**Work instruction**
Please return each line of the listing exactly as given.

**Information provided**
:::
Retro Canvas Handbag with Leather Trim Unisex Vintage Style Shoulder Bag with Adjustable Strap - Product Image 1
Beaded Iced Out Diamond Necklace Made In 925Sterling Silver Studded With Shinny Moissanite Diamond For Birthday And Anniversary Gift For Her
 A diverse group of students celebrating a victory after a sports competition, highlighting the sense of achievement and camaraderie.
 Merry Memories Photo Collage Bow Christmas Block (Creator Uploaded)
:::
**Exercise output**
Retro Canvas Handbag with Leather Trim Unisex Vintage Style Shoulder Bag with Adjustable Strap - Product Image 1
Beaded Iced Out Diamond Necklace Made In 925Sterling Silver Studded With Shinny Moissanite Diamond For Birthday And Anniversary Gift For Her
 A diverse group of students celebrating a victory after a sports competition, highlighting the sense of achievement and camaraderie.
 Merry Memories Photo Collage Bow Christmas Block (Creator Uploaded)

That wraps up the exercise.